Blade rips tender cut

07 January 2010 - 02:00
By Vusi Ndlovu

SACP general secretary Blade Nzimande says the identities of companies tendering for contracts should be made public to monitor those politicians who enrich themselves using state funds.

SACP general secretary Blade Nzimande says the identities of companies tendering for contracts should be made public to monitor those politicians who enrich themselves using state funds.

Nzimande told guests at the 15th commemoration of former SACP leader Joe Slovo's death yesterday at Avalon Cemetery, Soweto, that "tenderpreneurs" should be known to the public.

"The companies and people applying for tenders must be made public so that members of the public will have an opportunity to comment.

"They must know the tenderpreneurs."

In his attack on a "new class of bourgeoisie" within government, Nzimande made it clear at the SACP's first gathering of the year that he was continuing a war of words that left some in the tripartite alliance bruised at the end of last year.

The ANC was not represented at the event.

Nzimande warned that the new class of bourgeoisie, which he said had manifested itself in the form of black economic empowerment, was a threat to democracy.

He then urged party members to go out in big numbers to help grow the organisation to fight other threats - such as the mushrooming malls in the townships.

"I have heard people singing SACP songs at Nafcoc meetings.
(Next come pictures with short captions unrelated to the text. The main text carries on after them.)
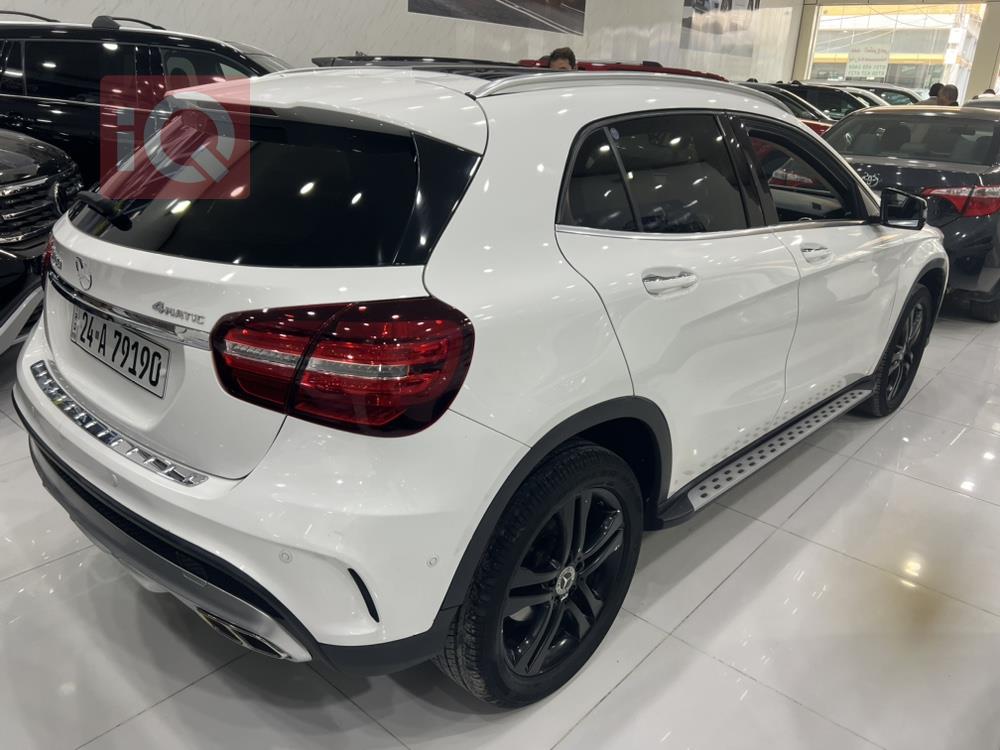 Mercedes-Benz GLA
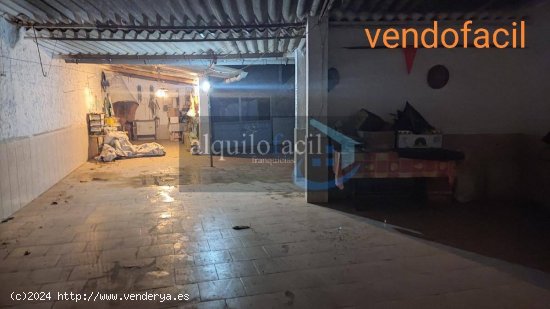 SE VENDE CASA EN CASAS DE JUAN NUÑEZ DE 5 HABITACIONES Y 2 BAÑOS Y PATIO DE 300 METROS POR 119000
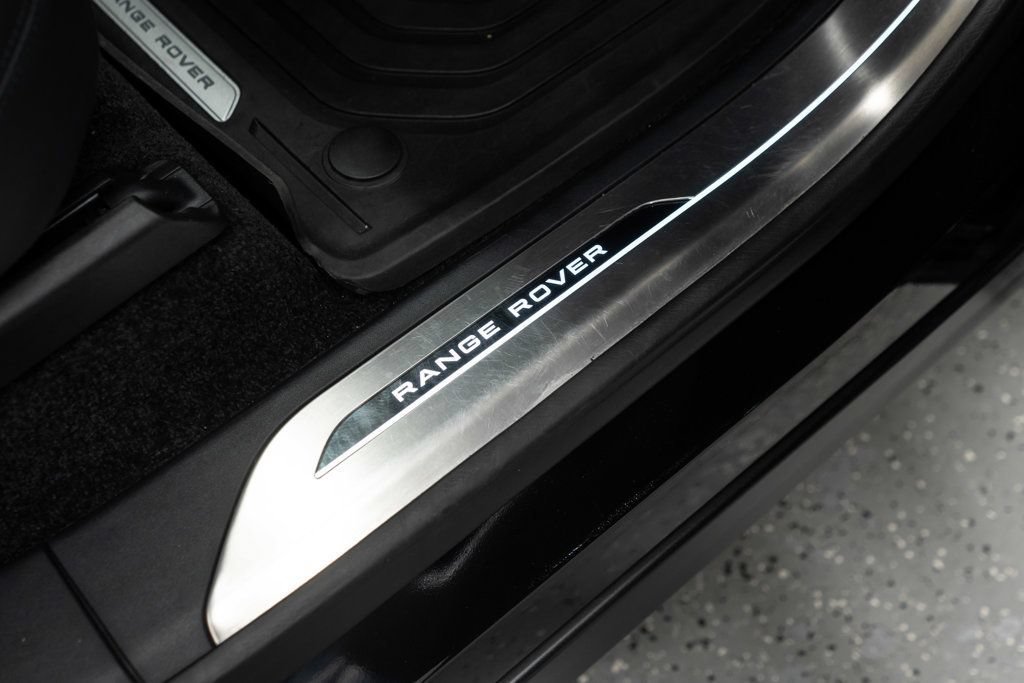 Used 2025 Land Rover Range Rover SE AWD/4WD image 17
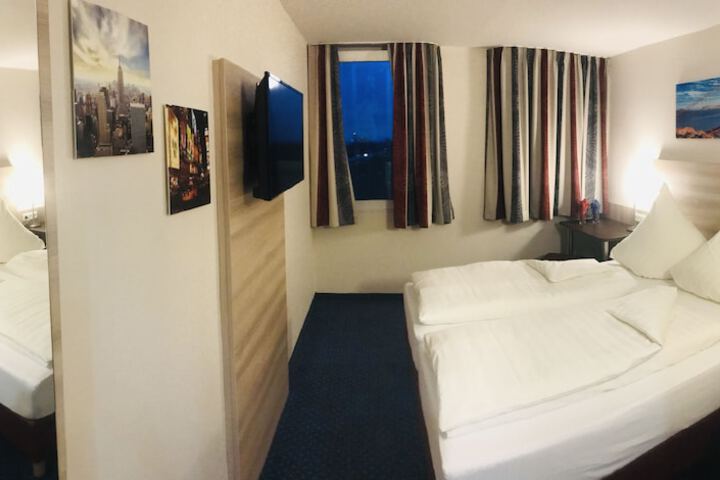 Room 20 of 40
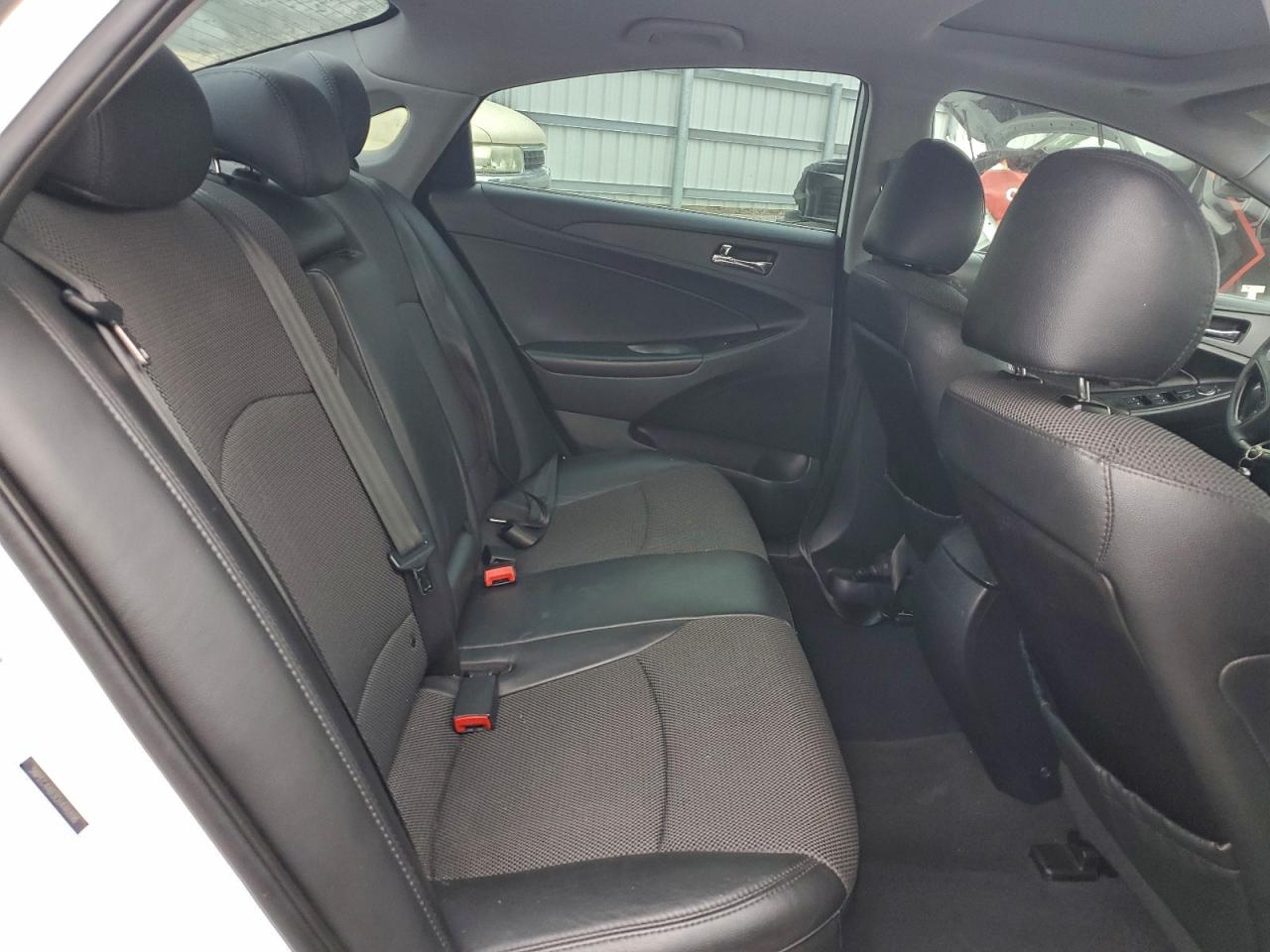 2012 HYUNDAI SONATA SE photo 10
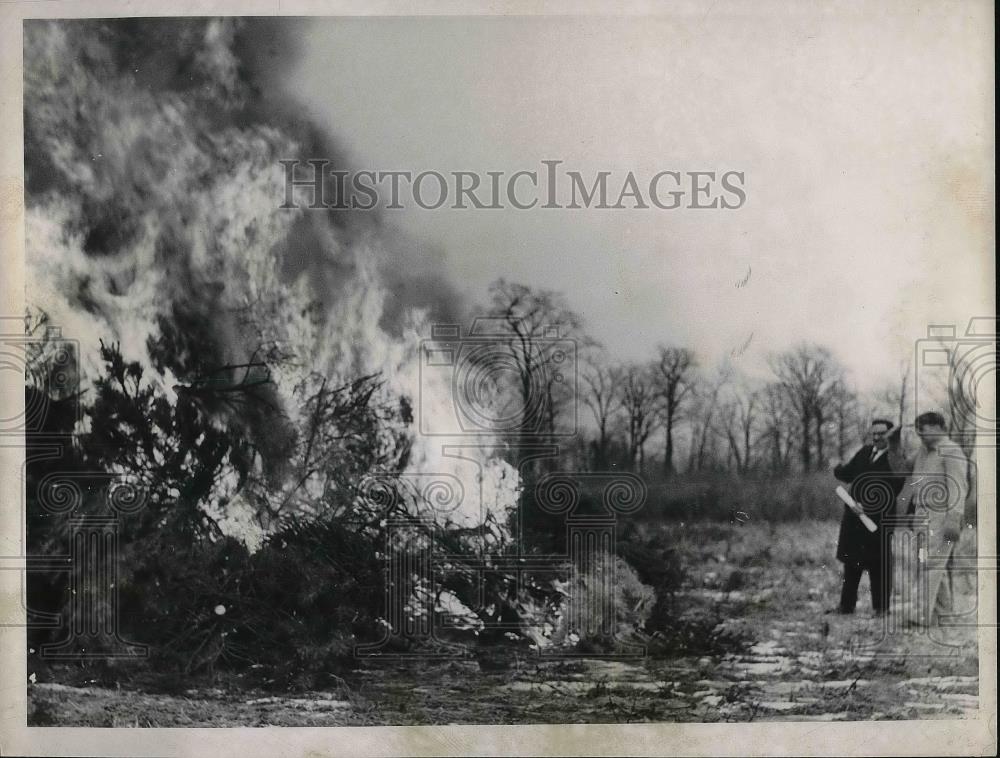 1962 Press Photo Clement Palumbo, Service Director, Brook Park, Leo Conrad - Historic Images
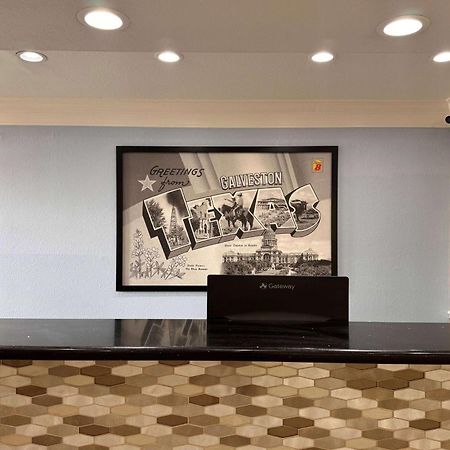 Super 8 By Wyndham Galveston Hotel Exterior photo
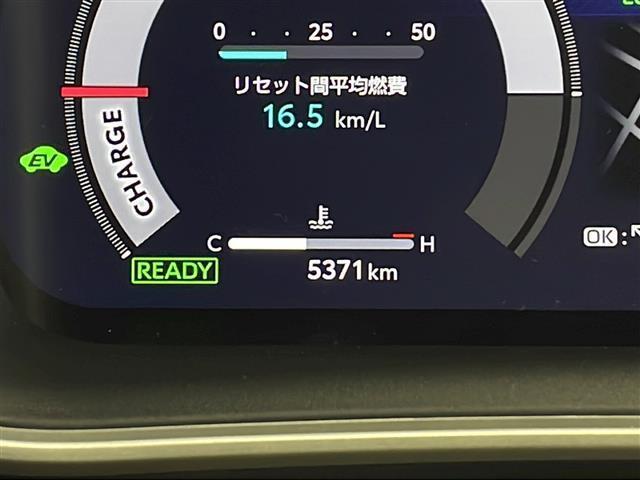 カローラクロス ハイブリッド　Ｚ　パノラマルーフ　トヨタセーフティセンス　純正ナビ　フルセグ　パノラミックビューモニター　レーダークルーズコントロール　ハーフレザーシート　シートヒーター　ベンチレーション　ステアリングヒーター　ＥＴＣ（8枚目）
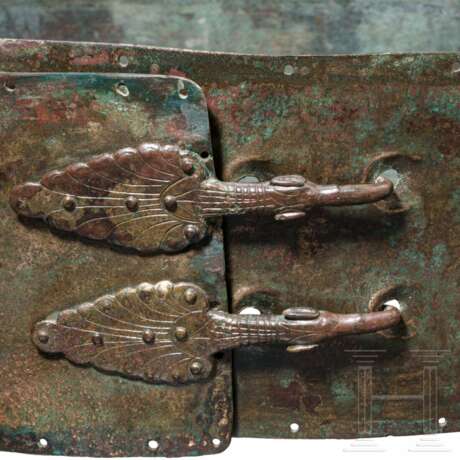 Mittelitalischer Bronzegürtel mit zwei Gürtelhaken, 3. Jhdt. v. Chr. - photo 2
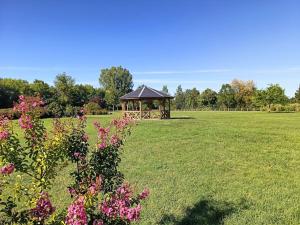 Maisons de vacances Gite du petit ruisseau , 6,5km du zoo : photos des chambres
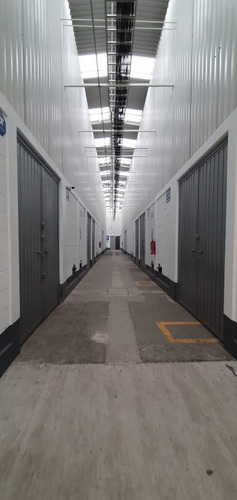 Bodega En Condominio De 90m2 Para Distribucion,almacenamiento U Operaciones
These are people who have been retrenched and have opened spaza shops and taverns. They cannot survive because malls are taking their business."

Turning to Slovo, Nzimande said the former leader would have been proud of the SACP's Red October campaign which had raised the organisation's membership to almost 100000.

Nzimande said the party's target was to have 500000 members in five years.

Slovo's widow, Helena Dolny, said he would have been disappointed by current media reports of politicians misusing public money for their own personal gain.

Joe Slovo became democratic South Africa's first minister of housing in 1994.